ノイズキャンセリング機能とは、録音時の周囲の環境音などを低減してくれる機能です。

レコーダーの中には、衣服のこすれる音を抑えてくれるものもあるので、ポケットの中に忍ばせたい時などに重宝します。

  • ・感度調節機能

感度調節機能は、音声の入力レベルに合わせて、感度を自動で調整してくれる機能です。

この機能が付いていると、急に声量が大きくなった時でも、録音した音声の音割れを防ぐことができます。

  • ・外部メモリー対応

SDカードなどの外部メモリーに対応しているものを使用すれば、多くのデータを保存できるほか、カードによって録音内容を分類することもできます。

外部メモリーと言ってもいろいろあるので、自分自身の持っているデバイスとの関係も含めて、使い勝手の良いものを選ぶことをおすすめします。

  • ・複数のモード

モノラルモードやステレオモードなど、複数の録音モードを備えているレコーダーもおすすめです。

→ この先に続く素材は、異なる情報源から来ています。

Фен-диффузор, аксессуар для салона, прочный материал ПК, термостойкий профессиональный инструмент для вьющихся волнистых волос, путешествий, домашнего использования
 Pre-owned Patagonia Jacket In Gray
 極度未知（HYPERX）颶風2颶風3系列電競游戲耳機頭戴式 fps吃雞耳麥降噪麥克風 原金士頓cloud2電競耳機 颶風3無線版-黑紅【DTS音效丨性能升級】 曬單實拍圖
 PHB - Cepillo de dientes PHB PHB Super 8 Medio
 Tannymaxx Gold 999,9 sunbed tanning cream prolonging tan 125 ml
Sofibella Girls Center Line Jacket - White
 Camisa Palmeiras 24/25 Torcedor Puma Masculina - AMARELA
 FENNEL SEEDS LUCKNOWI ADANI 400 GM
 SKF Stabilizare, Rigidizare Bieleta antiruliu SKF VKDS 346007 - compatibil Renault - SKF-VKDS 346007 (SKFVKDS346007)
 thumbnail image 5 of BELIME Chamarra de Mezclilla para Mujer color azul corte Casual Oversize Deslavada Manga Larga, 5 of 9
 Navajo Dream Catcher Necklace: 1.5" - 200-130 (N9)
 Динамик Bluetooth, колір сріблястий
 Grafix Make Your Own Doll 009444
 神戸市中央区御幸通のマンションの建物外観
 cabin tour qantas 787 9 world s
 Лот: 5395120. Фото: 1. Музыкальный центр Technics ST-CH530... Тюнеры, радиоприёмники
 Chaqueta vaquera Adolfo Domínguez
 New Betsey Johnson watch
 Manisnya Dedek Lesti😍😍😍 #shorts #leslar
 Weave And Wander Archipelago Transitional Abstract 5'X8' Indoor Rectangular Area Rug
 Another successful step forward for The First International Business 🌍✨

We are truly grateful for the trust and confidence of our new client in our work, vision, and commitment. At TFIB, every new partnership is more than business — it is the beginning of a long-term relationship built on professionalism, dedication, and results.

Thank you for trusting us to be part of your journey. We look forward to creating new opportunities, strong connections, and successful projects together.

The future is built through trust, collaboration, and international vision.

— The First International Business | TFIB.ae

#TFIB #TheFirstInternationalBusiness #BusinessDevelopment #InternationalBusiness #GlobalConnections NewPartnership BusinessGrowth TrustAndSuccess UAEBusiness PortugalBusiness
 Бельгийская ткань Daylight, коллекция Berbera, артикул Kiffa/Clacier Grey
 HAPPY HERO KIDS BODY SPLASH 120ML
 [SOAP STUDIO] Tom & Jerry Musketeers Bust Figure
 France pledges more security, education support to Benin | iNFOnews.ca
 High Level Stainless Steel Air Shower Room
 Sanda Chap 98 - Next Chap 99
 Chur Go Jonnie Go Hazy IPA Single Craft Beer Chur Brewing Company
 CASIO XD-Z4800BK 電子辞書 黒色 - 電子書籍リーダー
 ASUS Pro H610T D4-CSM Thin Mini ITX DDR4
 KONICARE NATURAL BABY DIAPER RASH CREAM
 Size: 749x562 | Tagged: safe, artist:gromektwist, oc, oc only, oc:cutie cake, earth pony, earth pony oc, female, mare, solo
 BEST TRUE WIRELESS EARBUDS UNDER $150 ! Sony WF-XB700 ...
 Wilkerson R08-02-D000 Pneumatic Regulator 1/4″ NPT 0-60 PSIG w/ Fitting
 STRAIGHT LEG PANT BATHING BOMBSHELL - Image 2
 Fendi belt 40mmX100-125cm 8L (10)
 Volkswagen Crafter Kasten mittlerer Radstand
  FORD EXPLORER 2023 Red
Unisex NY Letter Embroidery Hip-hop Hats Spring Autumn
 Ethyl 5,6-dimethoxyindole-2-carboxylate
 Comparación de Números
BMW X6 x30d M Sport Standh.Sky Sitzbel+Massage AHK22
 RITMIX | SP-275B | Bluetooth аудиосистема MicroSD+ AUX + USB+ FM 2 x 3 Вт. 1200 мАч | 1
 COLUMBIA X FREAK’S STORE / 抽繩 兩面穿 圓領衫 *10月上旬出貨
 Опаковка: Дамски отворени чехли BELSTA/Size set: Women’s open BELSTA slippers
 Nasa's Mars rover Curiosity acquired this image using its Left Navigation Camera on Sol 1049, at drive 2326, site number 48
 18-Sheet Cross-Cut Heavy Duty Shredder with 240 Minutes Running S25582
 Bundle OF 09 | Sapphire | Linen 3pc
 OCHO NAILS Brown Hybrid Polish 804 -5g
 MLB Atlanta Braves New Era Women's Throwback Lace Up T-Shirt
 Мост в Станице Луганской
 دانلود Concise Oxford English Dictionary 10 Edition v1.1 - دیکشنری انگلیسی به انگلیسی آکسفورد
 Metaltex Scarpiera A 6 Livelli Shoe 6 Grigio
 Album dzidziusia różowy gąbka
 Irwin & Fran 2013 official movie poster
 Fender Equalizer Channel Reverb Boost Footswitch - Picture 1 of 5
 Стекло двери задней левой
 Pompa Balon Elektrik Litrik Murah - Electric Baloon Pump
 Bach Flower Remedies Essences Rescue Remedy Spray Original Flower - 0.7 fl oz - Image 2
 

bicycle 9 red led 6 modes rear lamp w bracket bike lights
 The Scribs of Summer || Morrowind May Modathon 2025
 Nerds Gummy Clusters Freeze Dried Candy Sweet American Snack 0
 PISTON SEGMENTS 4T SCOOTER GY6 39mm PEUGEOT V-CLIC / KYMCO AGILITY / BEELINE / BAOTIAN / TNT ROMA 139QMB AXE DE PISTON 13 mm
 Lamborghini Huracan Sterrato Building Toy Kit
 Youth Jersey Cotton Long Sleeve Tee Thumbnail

1対1で話すときはモノラルモードで十分ですが、複数人の会話を録音する場合は、ステレオモードが付いているレコーダーのほうが、録音音声に立体感が出て、誰が話しているのかがわかりやすくなります。

■状況に適したICレコーダーを使用しよう

高性能なICレコーダーと言っても、全てが高価なわけではありません。

中には安価で性能の良いICレコーダーもあるので、きちんと性能面をチェックしながら、レコーダーを選びましょう。

  • ・レコーダーのサイズや重量
  • ・内蔵メモリー容量
  • ・連続(最大)録音時間
  • ・ノイズキャンセリング機能
  • ・スマートフォンやPCと連携できるか
  • ・充電方法

以上の点に注目して、自分の目的に合ったものを選ぶと失敗しにくいでしょう。

会話は重要な証拠となります。

せっかく録音しても聞き取れない、文字起こしもできないなど、無駄にならないように気を付けましょう。